Dites ! Dites !
Ah ! dites, dites
Où sont passés les troglodytes ?
Où sont passés les troglodytes ?
Où sont passés les Mohicans ?
Et Blériot avec son biplan ?
Et l’Arabie pas Séoudite ?
Où sont passés les fiacres
Qu’étaient couverts de nacre ?
Et les cochers boiteux
Qui devenaient le Diable en moins de deux ?
Où sont passées les Amazones
Qui n’avaient qu’un sein comme bouclier ?
Où est parti le puits de Dôme ?
Que sont devenus les Alliés ?
La guerre de Cent Ans ? Celle de Soixante-Dix ?
Et celle de Trente Ans ?
Et Vercingétorix
Mon ancêtre, mon Gaulois,
Où donc est-il passé avec ses guêtres et ses oies ?

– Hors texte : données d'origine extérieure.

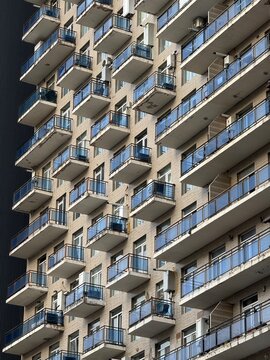 Urban high-rise building facade with numerous balconies, showcasing modern city architecture.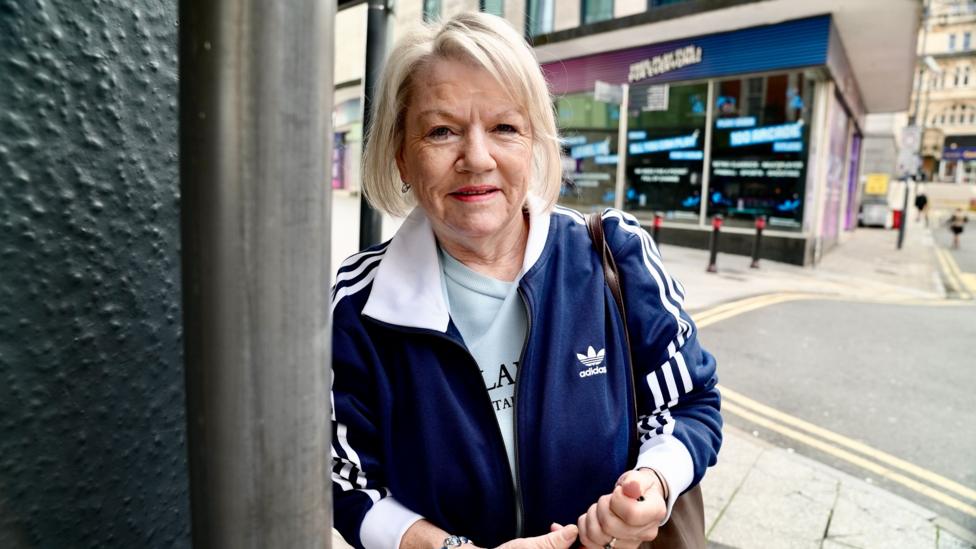 A woman in a navy jacket with white stripes on the arms stands in a city centre street, she has blonde her to her chin.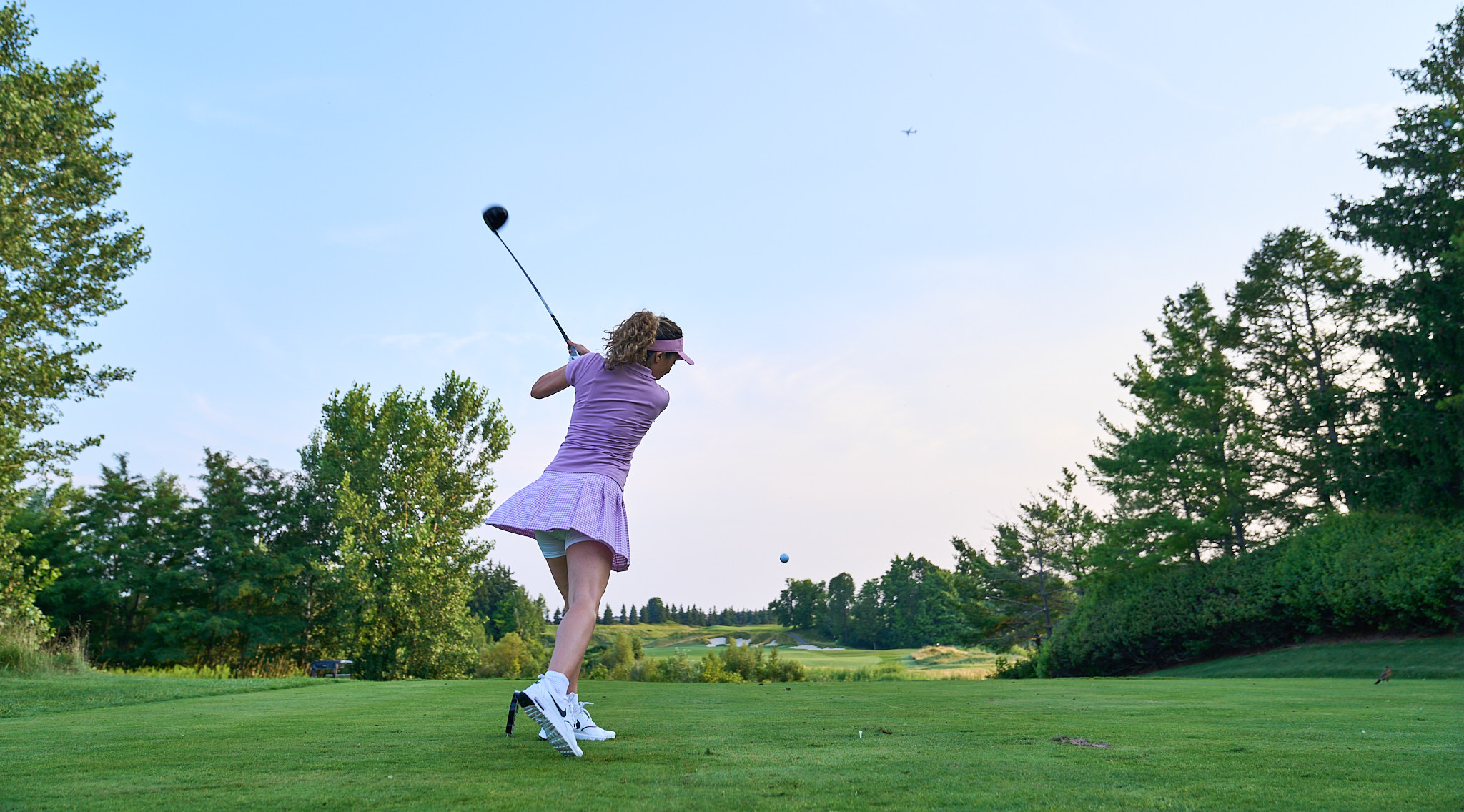 person swinging golf club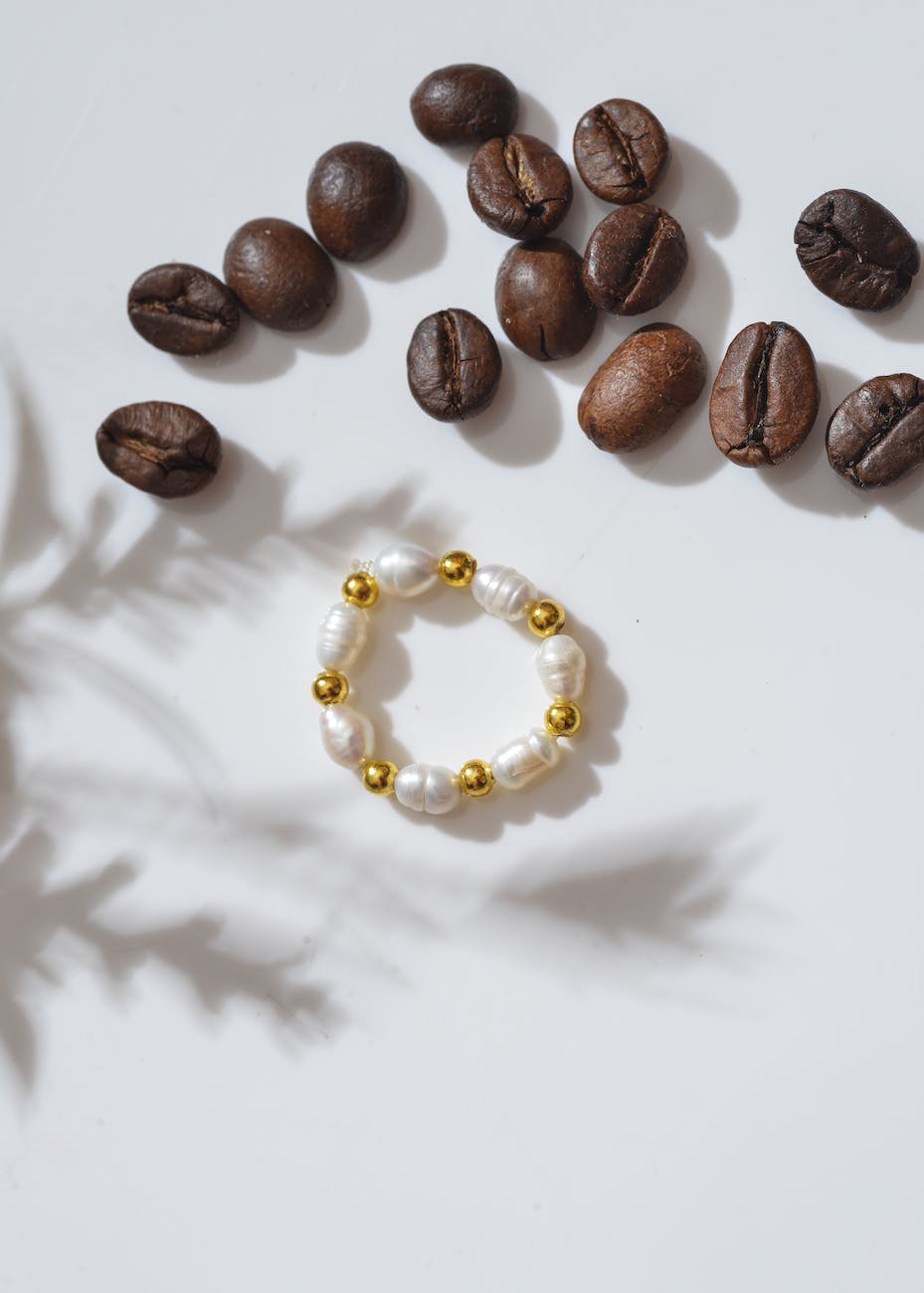 a pearl bracelet beside coffee beans
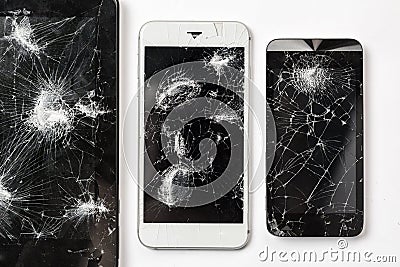 Cracked screen of smartphone mobile black glasses top view photography. Stock Photo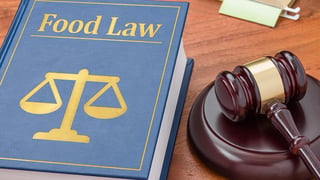 Food Law book and a gavel on a desk.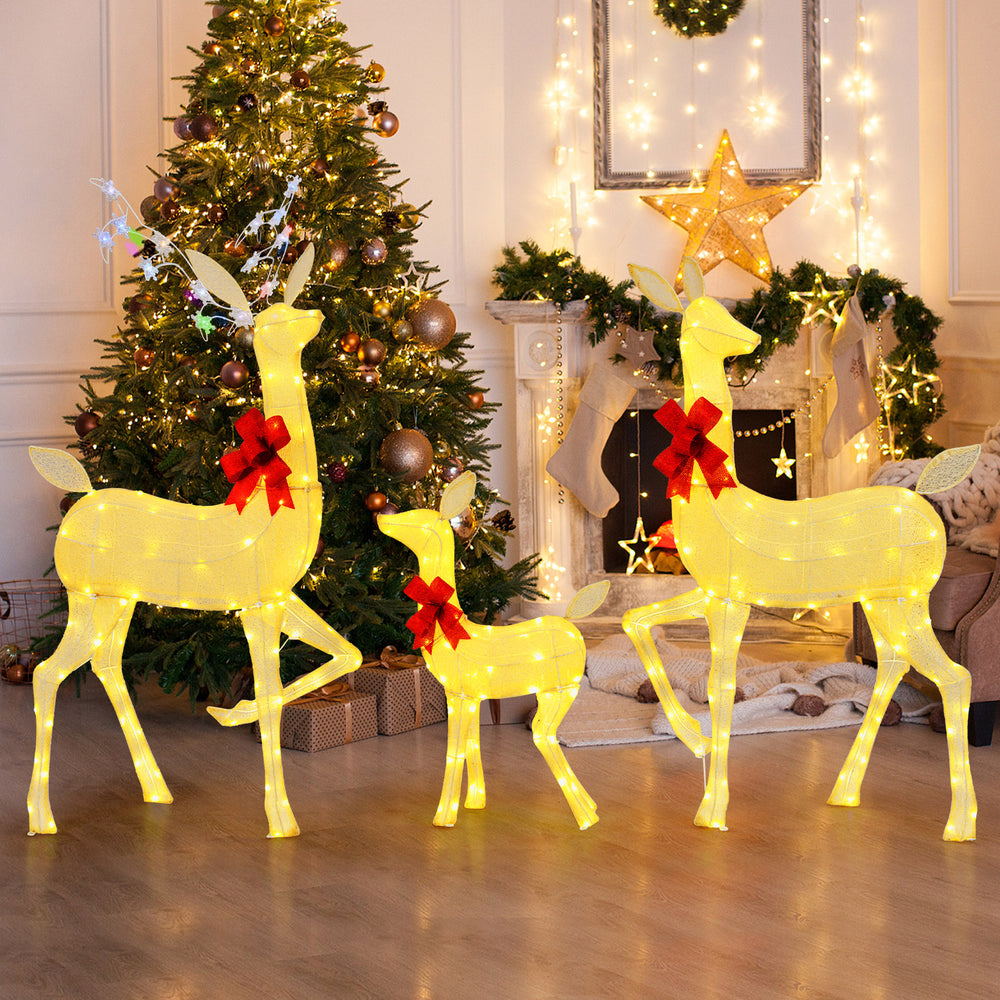 Lighted family deer set featuring 221 LED lights, sturdy metal frame, and decorative bows for festive indoor or outdoor.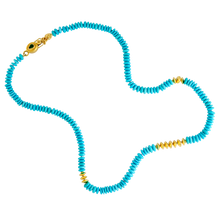 Load image into Gallery viewer, Robin's Egg blue Sleeping Beauty turquoise rondelles are spaced with Mesopotamian style gold disc beads. An oval granulated and emerald set clasp closes the strand. Length 18.5 inches.

Made from recycled 22k gold, Sleeping Beauty turquoise (96ctw) and Colombian emerald (.13ctw).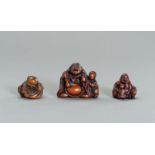 A GROUP OF THREE WOOD NETSUKE OF HOTEI AND KARAKO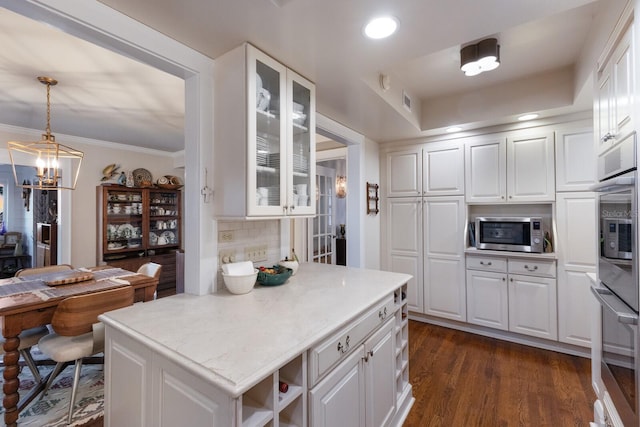 kitchen featuring pendant lighting, light countertops, stainless steel microwave, glass insert cabinets, and white cabinets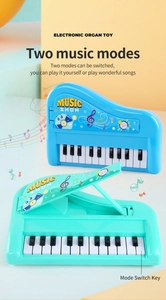 Detail view of 13-key portable electronic piano toy showing music mode switch and open lid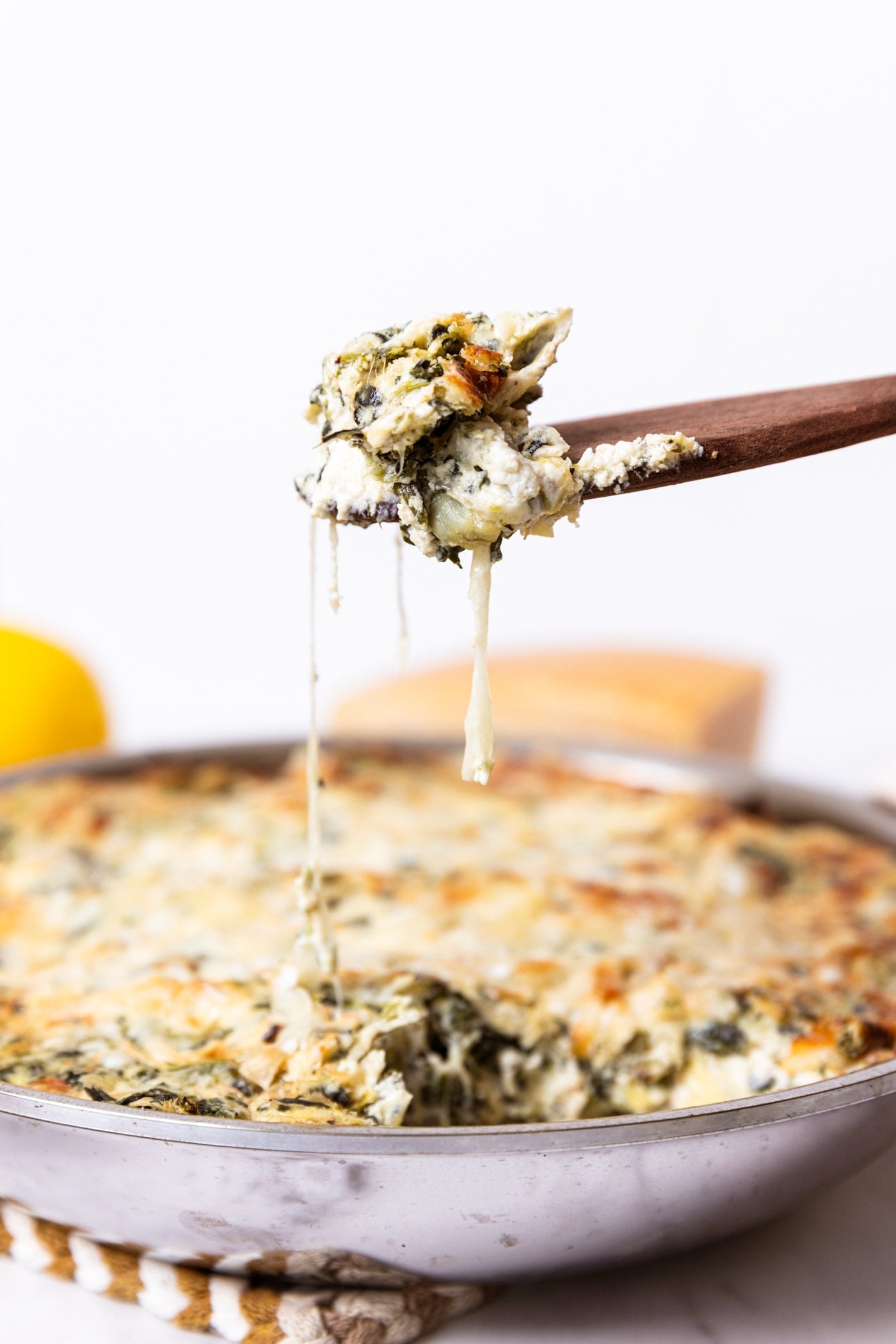 Wooden spatula holding up scoop of spinach artichoke dip with strings of cheese hanging down to rest of dip in metal skillet below.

Où sont passés les habitants
Des cavernes du bon vieux temps
Qui s’éclairaient modestement
Au moyen de vers luisants ?
Où sont passés les Thermopyles ?
Où sont passés les Thermidors ?
Et les Anglais qu’ont pris la pile
Quand Jeanne d’Arc était en or ?
Et Léontine la femme à Léon ?
Et ce monsieur Napoléon
Qui donnait son foie
A tous les soldats
Et faisait semblant d’être là
Même quand il était dans les draps
Avec la Joséphine extra ?
Et Samson ? Et Dalila ?
Ah ! dites, dites
Y’en a des choses qui existent.
Moi, je veux bien. Moi, je vous crois.
Mais faut vraiment avoir la Foi !
René de Obaldia
... Et Samson ? Et Dalila ? ...
Gustave MOREAU
SAMSON et DALILA, 1882
... Où sont passées les Amazones
Qui n’avaient qu’un sein comme bouclier ? ...
Milo MANARA
René de Obaldia aujourd’hui dans un nonagénariat avancé à qui l’on demande - Quelle vitalité ! Comment faites-vous ? répond :
« On me dit souvent que je fais plus jeune que mon âge. Je réponds toujours que c'est parce que je n'ai jamais eu la notion du temps. »
Textes déjà publiés : ici
René de Obaldia est né le 22 octobre 1918 à Hong-Kong. Il fait ses études à Paris au lycée Condorcet avant d'être mobilisé en 1940. Fait prisonnier, il est envoyé dans un stalag en Silésie. Il est rapatrié comme grand malade en 1944. En 1952, il publie Les richesses naturelles. Après un court passage comme directeur littéraire aux éditions Pierre Horay, il publie son premier roman, Tamerlan des coeurs (1956). Suivront deux récits: Fugue à Waterloo et La passion d'Emile, et un deuxième roman, Le centenaire, «épopée de la mémoire» (1960). Sa carrière de dramaturge commence grâce à Jean Vilar, qui donne Génousie au TNP. Parmi les honneurs dont est ponctuée la carrière de René de Obaldia: le prix de la Critique dramatique pour Génousie (1960) et le grand prix de la poésie de la SACEM pour Innocentines (1988). René de Obaldia a été élu à l'Académie française le 24 juin 1999, au fauteuil de Julien Green.